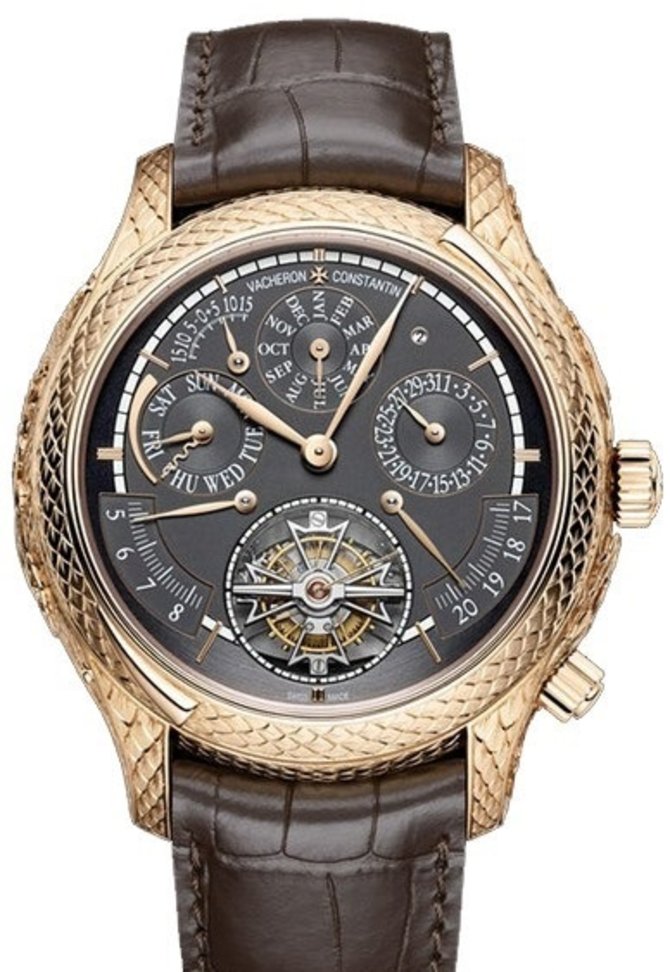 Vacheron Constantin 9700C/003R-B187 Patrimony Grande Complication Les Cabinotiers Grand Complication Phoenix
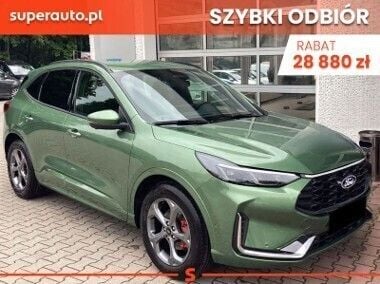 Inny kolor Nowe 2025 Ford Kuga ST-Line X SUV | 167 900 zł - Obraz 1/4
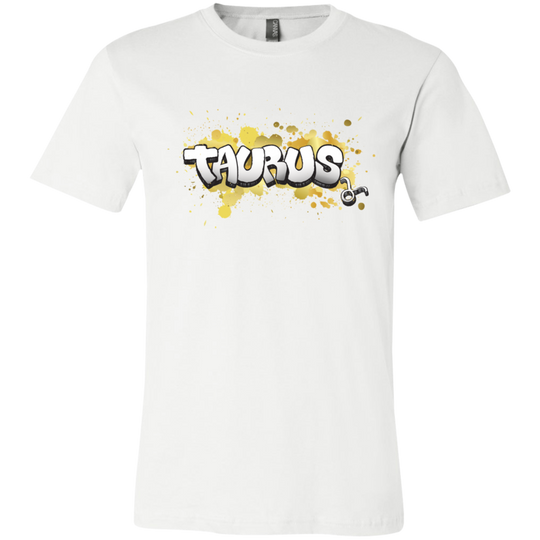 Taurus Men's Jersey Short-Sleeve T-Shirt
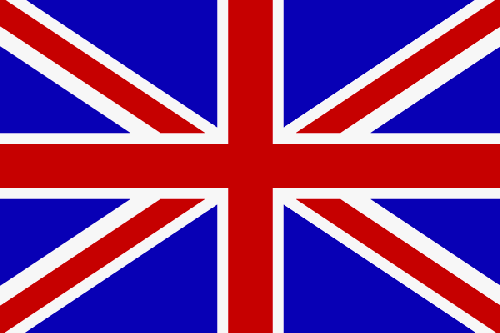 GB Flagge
***
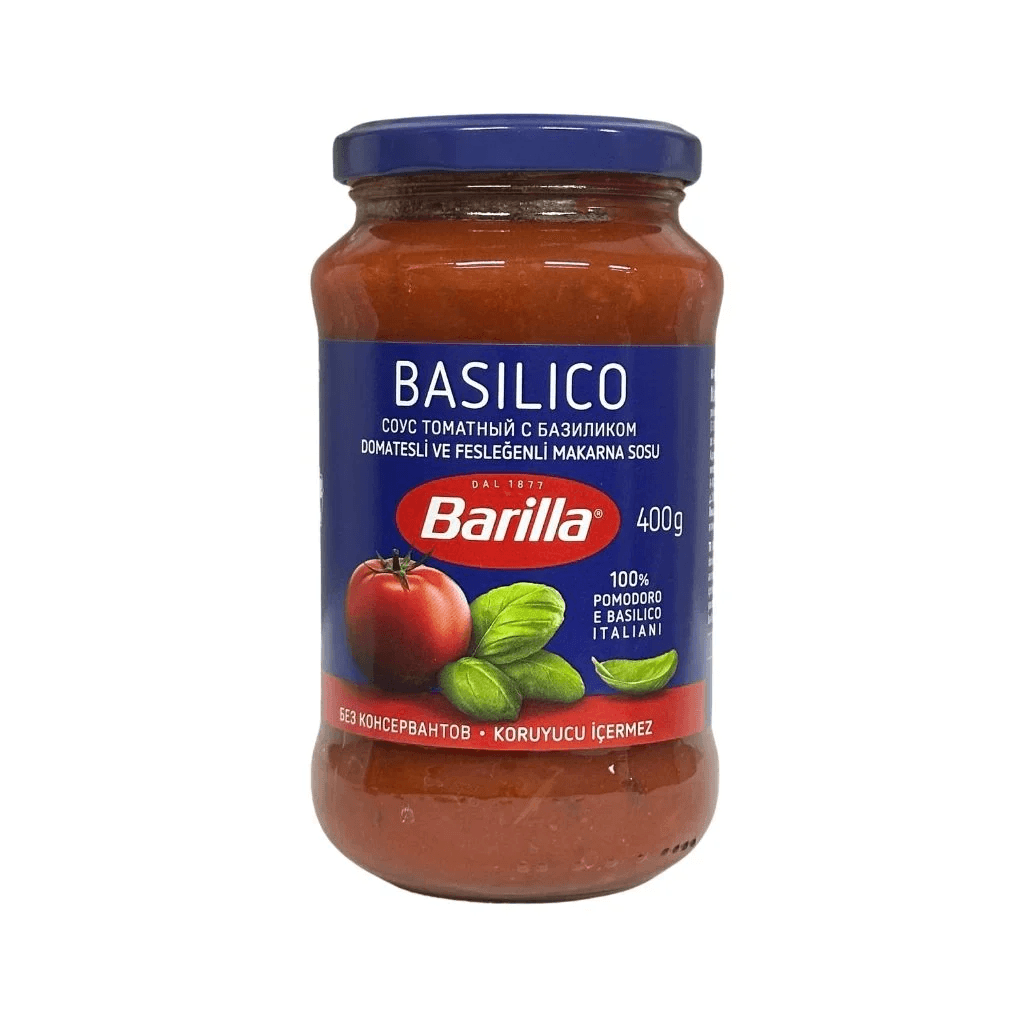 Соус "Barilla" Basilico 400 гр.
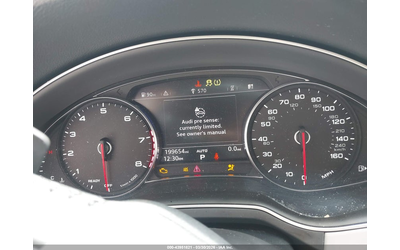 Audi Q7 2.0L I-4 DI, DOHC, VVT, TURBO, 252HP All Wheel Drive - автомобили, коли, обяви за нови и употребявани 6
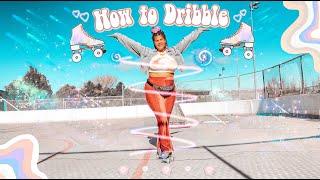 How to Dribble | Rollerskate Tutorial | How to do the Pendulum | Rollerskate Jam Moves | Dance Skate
***
Exercise:
Lines wanted from the entries above: the one with "Audi Q7 2.0L", the one with "How to Dribble", and all lines between. Please copy them exactly, without the pictures and without anything else.

Your response:
 Audi Q7 2.0L I-4 DI, DOHC, VVT, TURBO, 252HP All Wheel Drive - автомобили, коли, обяви за нови и употребявани 6
 How to Dribble | Rollerskate Tutorial | How to do the Pendulum | Rollerskate Jam Moves | Dance Skate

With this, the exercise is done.